The FDA has the authority to inspect food shipments, but because of the sheer volume of imports, only a fraction of food entering the country is inspected. "Our focus is based on where we know the risks are," David Acheson, the FDA's assistant commissioner for food protection, said in an interview. "It's not a strategy to test everything that arrives at the ports." But the FDA says it is rethinking its strategic approach to targeting potential risks and allocating resources. It is also working with the Chinese watchdog group to search for long-term solutions, Mr. Acheson said.

With the discovery of melamine in animal food, the agency is considering a new safety system for animal feed that would go beyond the current focus on preventing mad-cow disease and salmonella.

In Asia, unsafe additives in foods for human consumption have long been a problem. Some street vendors use an industrial dye for textiles called Sudan Red to make their coconut and sugar-cane drinks look more attractive. "You could just see the beverages, they sort of glow, because these dyes are really quite intense," says the WHO's Mr. Moy. Last November, Chinese authorities discovered that poultry farmers in Hebei province had been using one of the Sudan Red dyes, believed to cause cancer, to color the feed of their ducks and redden the yolks of the eggs, which sell at a premium price.


In 2003, Sudan Red was found in hot-chili products imported from India to the U.K. Products containing the dye were also recalled in Canada and South Africa. Over the next two years, the contamination snowballed. By March 2005, 580 products had been withdrawn in the U.K.

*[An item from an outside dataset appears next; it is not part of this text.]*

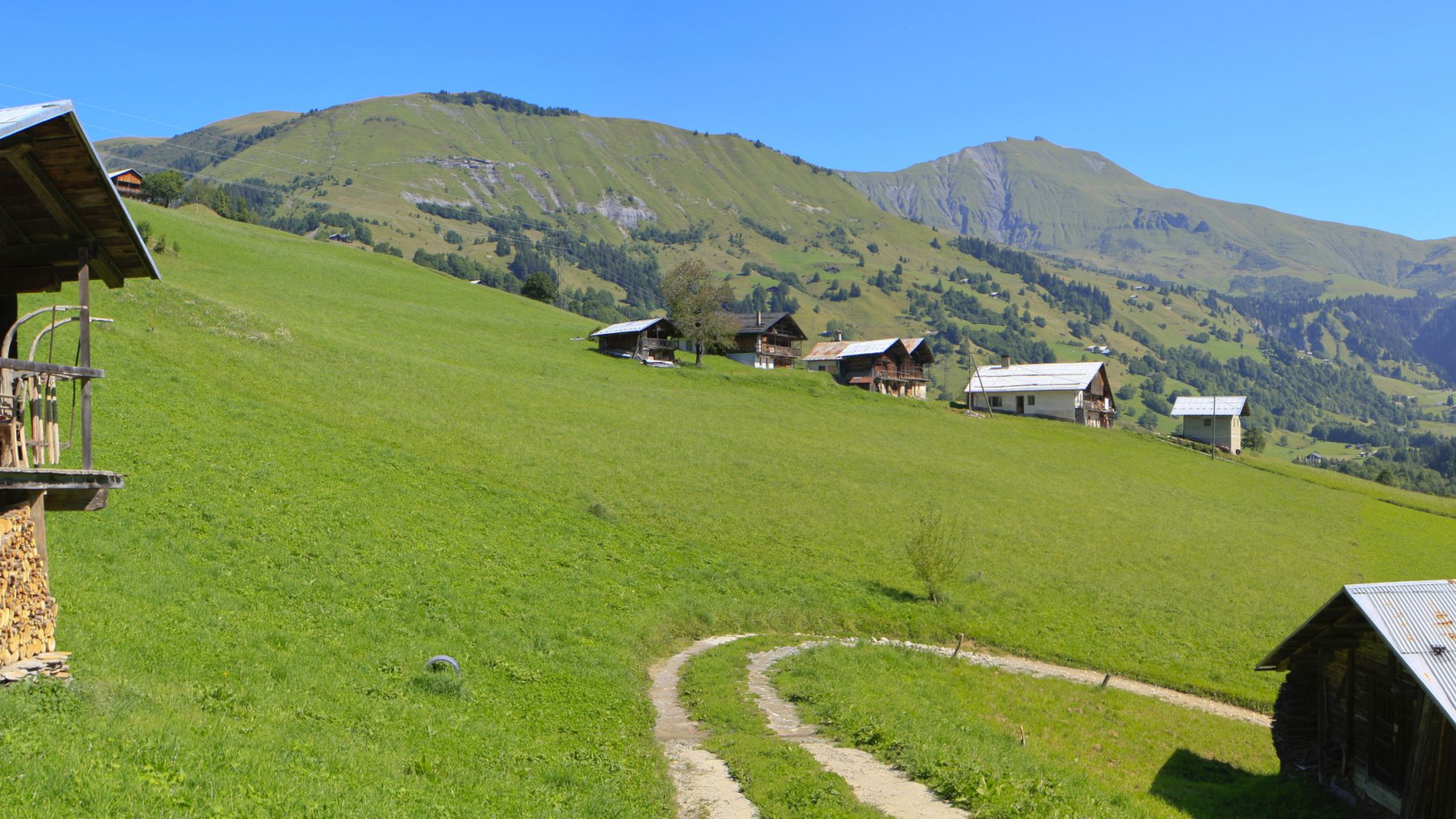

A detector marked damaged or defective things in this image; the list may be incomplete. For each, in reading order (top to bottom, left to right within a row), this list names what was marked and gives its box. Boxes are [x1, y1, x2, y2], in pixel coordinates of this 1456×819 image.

rusty roof [1258, 580, 1456, 725]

In March this year, the FDA stopped 215 shipments from mainland China for a variety of problems. One shipment of dried dates was considered filthy; plums contained unsafe sweeteners; and oranges had pesticide residues. A few dozen also had unsafe color additives. But there is often a disconnect between what regulators charge and companies respond. One of the shipments the FDA refused was apple chips from Hebei Dongfang Green Tree Food Co. in China, which may have contained unsafe color additives.

Pan Yanjun, the company's vice president, confirmed in a telephone interview yesterday that his company shipped some apple chips to the U.S. in March for a natural food show, but said that the FDA approved the shipment. "We never dye the apple chips," he said.

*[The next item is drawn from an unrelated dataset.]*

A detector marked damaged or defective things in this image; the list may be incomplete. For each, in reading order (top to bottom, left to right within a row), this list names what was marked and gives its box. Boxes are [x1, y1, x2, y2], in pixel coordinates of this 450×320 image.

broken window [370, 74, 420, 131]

There is little evidence that foods contaminated by unsafe preservatives are being shipped abroad. But unauthorized use is widespread in Asia.

Formaldehyde, for instance, is often used as a preservative in Asia and other parts of the world where refrigeration is scarce. In late 2005, the Indonesian National Agency for Drug and Food Control tested 161 samples of fish, shrimp, squid, tofu, and noodles produced and sold across six cities and found that 64 of the samples tested positive for formaldehyde.

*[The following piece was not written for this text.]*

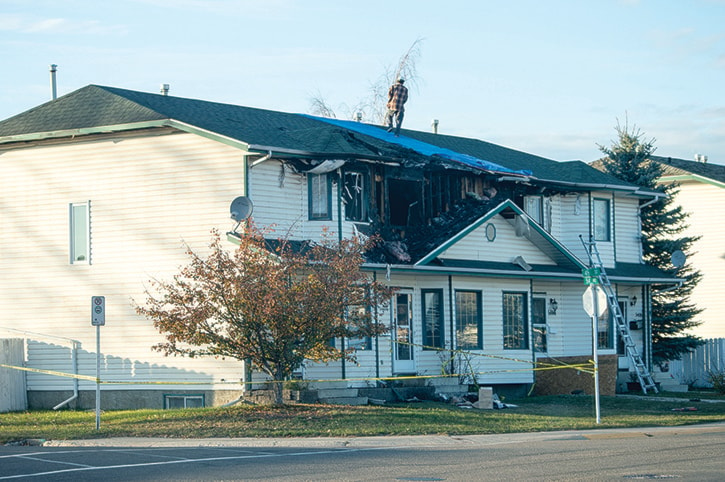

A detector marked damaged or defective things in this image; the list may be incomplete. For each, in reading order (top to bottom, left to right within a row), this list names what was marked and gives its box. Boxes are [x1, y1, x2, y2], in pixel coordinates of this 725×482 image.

fire-damaged building [0, 84, 672, 408]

Another problem is a group of chemicals called borates, including boric acid. Borates were widely used in food products in the U.S. and other countries a century ago to improve the texture of food as well as preserve it. Most countries today prohibit its use as a food additive because it is toxic at high levels. Now, the chemical is mainly used in insecticides, flame retardants and cleaning products.

In March and April of 2006, the Malaysian Health Ministry tested 387 samples of rice noodles, 20 of which were found to contain boric acid, according to Dr. Abdul Rahim Mohamad, the director of the food safety and quality division within Malaysia's Health Ministry.

In Thailand, Peerapong Suksaweng, an official with the country's Food and Drug Administration, runs spot checks on street vendors, supermarkets and farmers' markets. Each day, his mobile inspection unit -- one of 26 throughout the country -- checks produce for insecticides and chemical additives such as borates and formaldehyde.

He has found street vendors who have added borates to minced pork and meatballs to keep them fresh. In high quantities, Mr. Peerapong says, "people who eat [that] could vomit blood or die."